Líderes europeus da Otan pretendem convencer o presidente dos EUA, Donald Trump, nesta quarta-feira (8), a reafirmar seu compromisso com a aliança militar durante a cúpula em Ancara, Turquia, após o presidente americano reacendeu disputas com eles sobre a guerra contra o Irã e a questão da Groenlândia.
Após chegar à capital turca na terça-feira (7), Trump disse que poderia ter boicotado a cúpula se não fosse pela amizade com o anfitrião, o presidente Tayyip Erdogan, e não descartou novas retiradas de tropas da Europa.

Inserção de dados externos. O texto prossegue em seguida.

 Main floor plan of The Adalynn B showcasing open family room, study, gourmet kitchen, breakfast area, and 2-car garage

Mais cedo naquele dia, a Otan buscou demonstrar que seus membros europeus estavam atendendo aos apelos de Trump para investir mais na própria defesa e depender menos dos EUA, ao anunciar uma série de acordos de armamentos avaliados em pelo menos 50 bilhões de dólares.
Trump, que criticou duramente a Otan tanto em seu primeiro quanto em seu segundo mandato, disse estar “muito decepcionado” com a aliança e afirmou que os EUA não foram “bem tratados” durante a guerra conjunta com Israel contra o Irã.

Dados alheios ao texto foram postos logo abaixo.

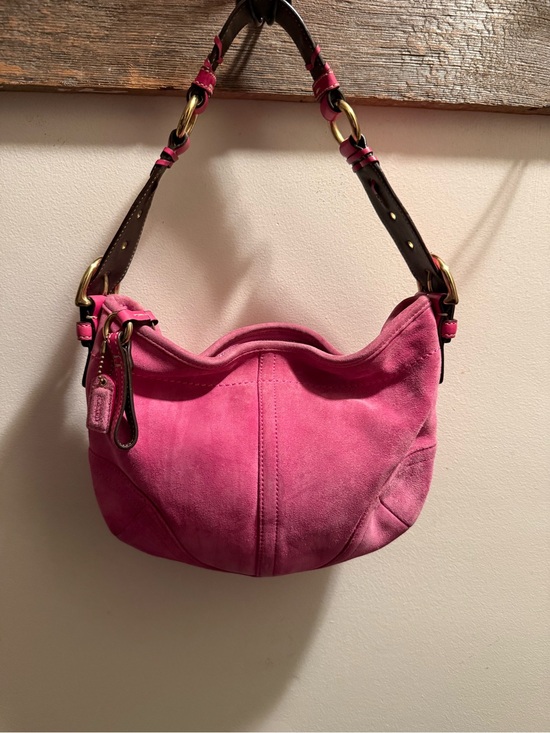 Coach Handbags - Coach Pink Suede Y2K SoHo  Hobo Shoulder Bag Vintage 3656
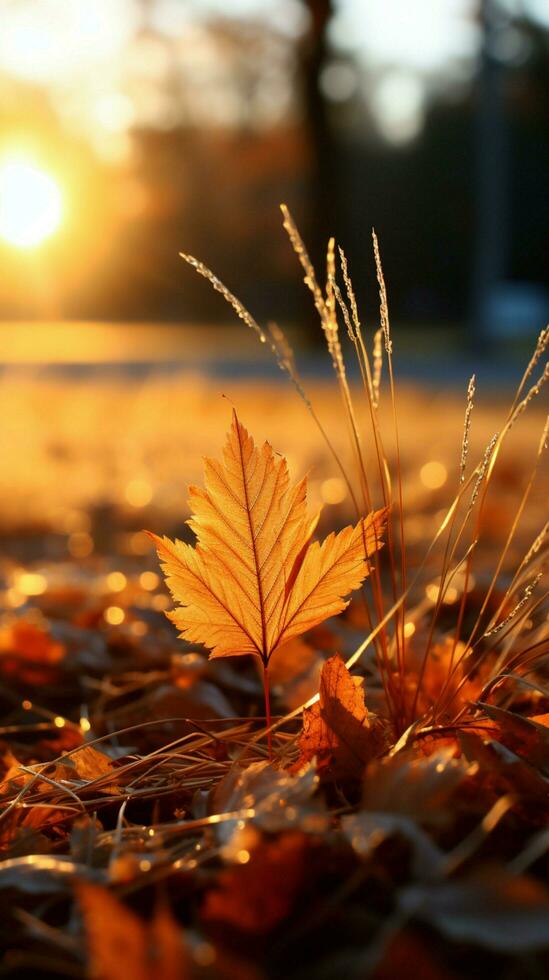 herfst bladeren sieren zon gekust gras, creëren een prachtig afgezwakt ochtend- tafereel verticaal mobiel behang ai gegenereerd foto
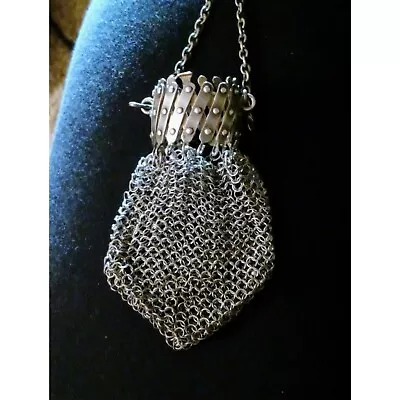 French Silver Plated Chain Mail Expanding Gate Coin Purse Bag- Modele FM Depose • $120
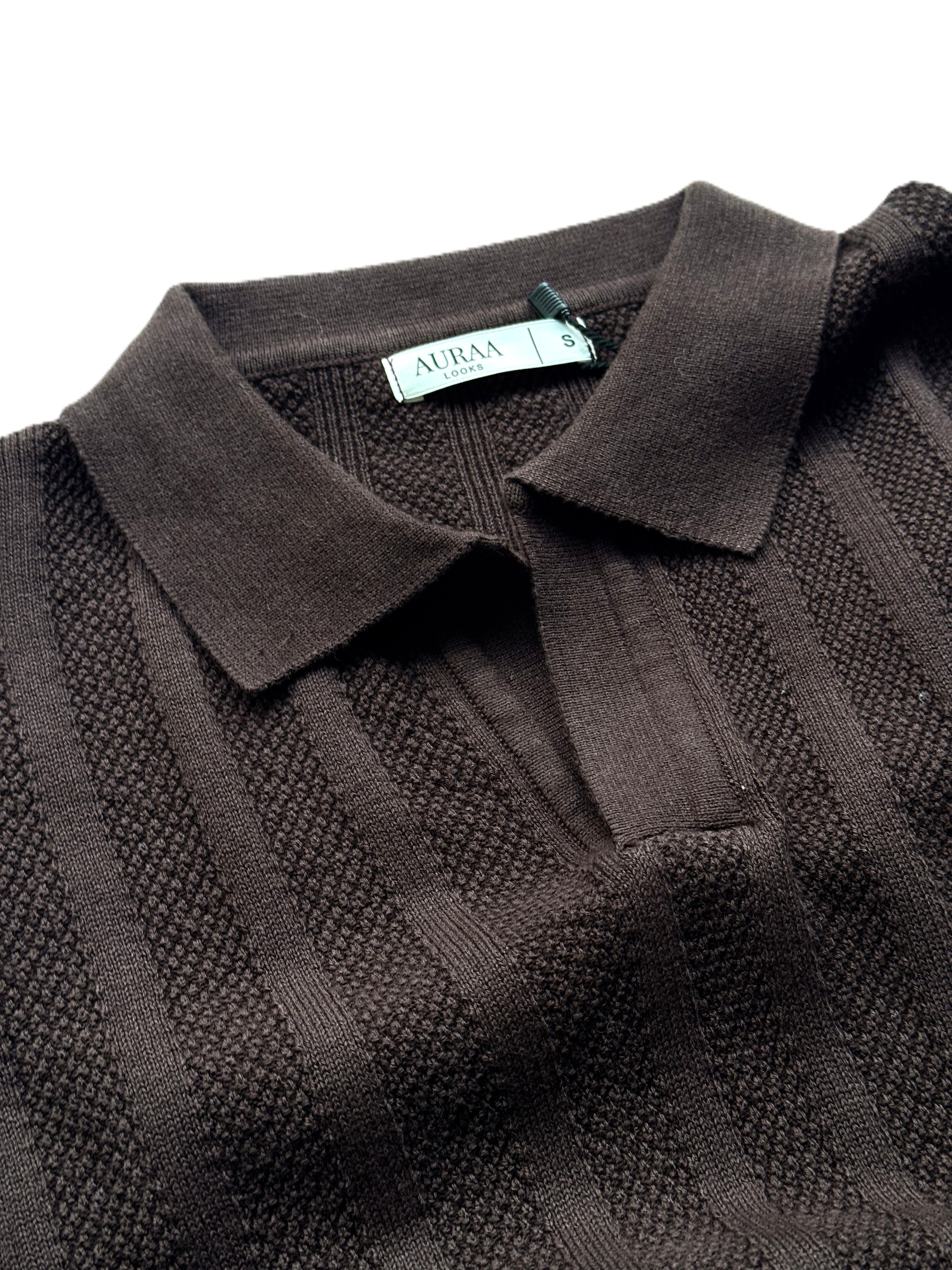 Legacy Knit Polo - Mocha Brown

“Por que estamos gastando centenas de bilhões de dólares se eles não estão lá por nós? Nós sempre estivemos lá por eles”, disse Trump em uma aparição na terça-feira ao lado de Erdogan.
Trump acusou nações europeias de não permitirem que as forças dos EUA utilizassem seu espaço aéreo e bases em seus territórios durante a guerra.

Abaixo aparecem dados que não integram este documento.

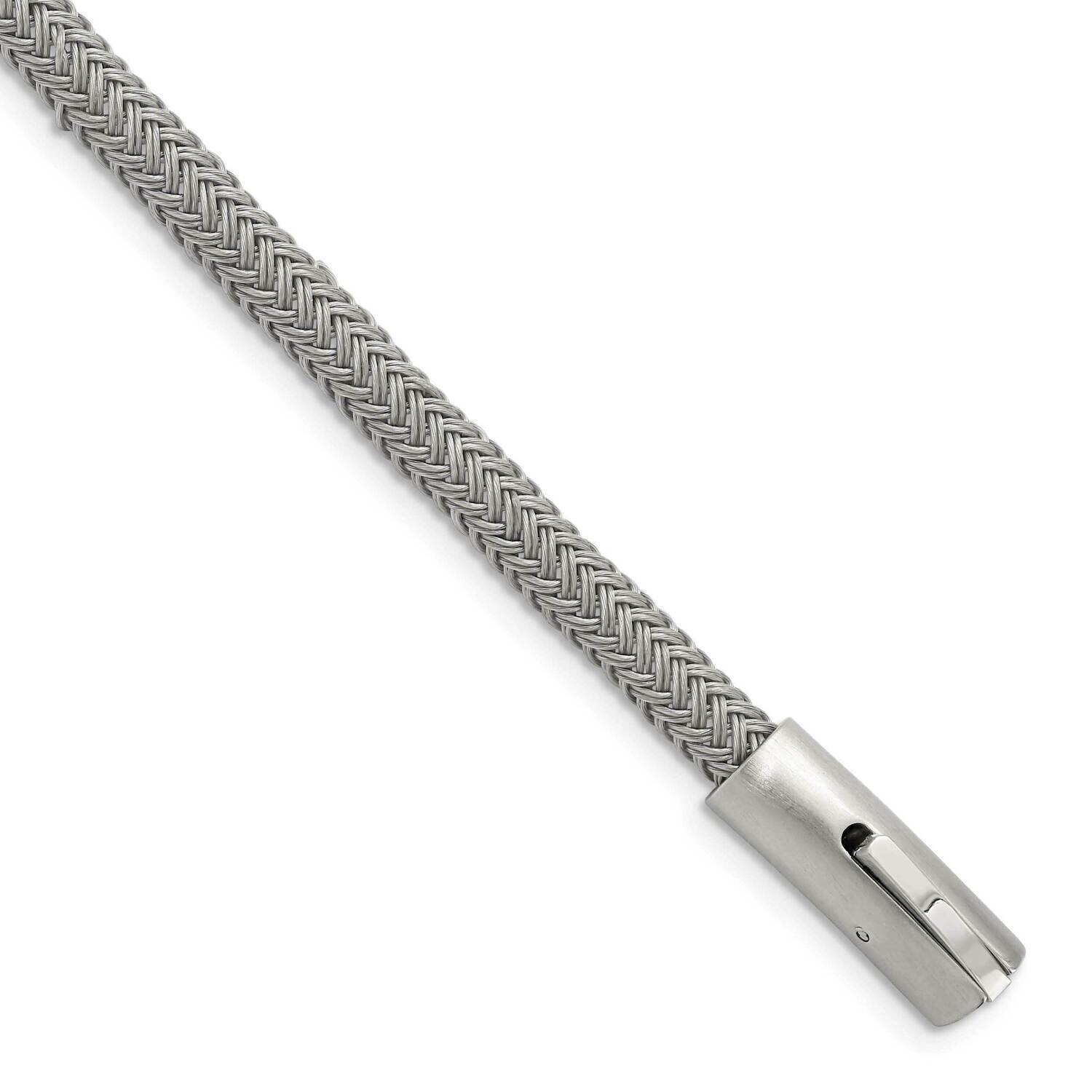 Wire 8.25 Inch Bracelet Stainless Steel Brushed and Polished SRB2814-8.25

Autoridades europeias afirmaram ter cumprido, em grande parte, seus compromissos com as forças dos EUA, apesar de não terem sido consultadas sobre um conflito que abalou suas economias e foi profundamente impopular na Europa.
Provocações de Trump contra Meloni
Nas últimas semanas, Trump tem direcionado críticas especificamente à primeira-ministra italiana, Giorgia Meloni — anteriormente uma aliada próxima.
Na terça-feira, Trump disse que sua relação com Meloni “ficou um pouco ruim porque ela se recusou a nos ajudar” em relação ao Irã, embora também a tenha descrito como uma “pessoa simpática”.
Autoridades italianas têm tentado, nos últimos dias, encerrar a polêmica.
Questão da Groenlândia
Trump também afirmou que a Groenlândia, um território semiautônomo da Dinamarca (país membro da Otan), deveria ser controlada pelos Estados Unidos.
Horas depois, também falando em Ancara, a primeira-ministra dinamarquesa, Mette Frederiksen, disse esperar que os aliados respeitassem a soberania do Reino da Dinamarca e aceitassem que a Groenlândia não estava à venda.
Declaração reitera compromisso com defesa coletiva
Os 32 líderes da Otan reuniram-se para um jantar na noite de terça-feira, mas a sessão principal da cúpula ocorre nesta quarta-feira.
Embaixadores de todos os países-membros da Otan aprovaram uma declaração da cúpula que reafirma um “compromisso inabalável” com a defesa coletiva. No entanto, a declaração só será divulgada após ser ratificada pelos líderes.
O governo Trump tem pressionado os europeus a aumentar os gastos com defesa e a assumir a responsabilidade principal pela defesa convencional da Europa, à medida que busca deslocar seu foco militar para a região do Indo-Pacífico.
Os EUA também anunciaram a retirada de tropas da Europa, reduziram as forças alocadas aos planos de defesa da Otan — incluindo um porta-aviões, aeronaves de reabastecimento, caças e drones — e iniciaram uma revisão de seis meses sobre sua presença militar no continente.
Líderes europeus afirmam estar trabalhando para assumir maior responsabilidade pela segurança do continente, mas desejam uma transição previsível e ordenada para evitar lacunas na defesa que possam ser exploradas pela Rússia.
Autoridades europeias expressaram a esperança de que a estima de Trump por Erdogan e seu bom relacionamento com o Secretário-Geral da Otan, Mark Rutte, ajudem a amenizar as tensões durante a cúpula.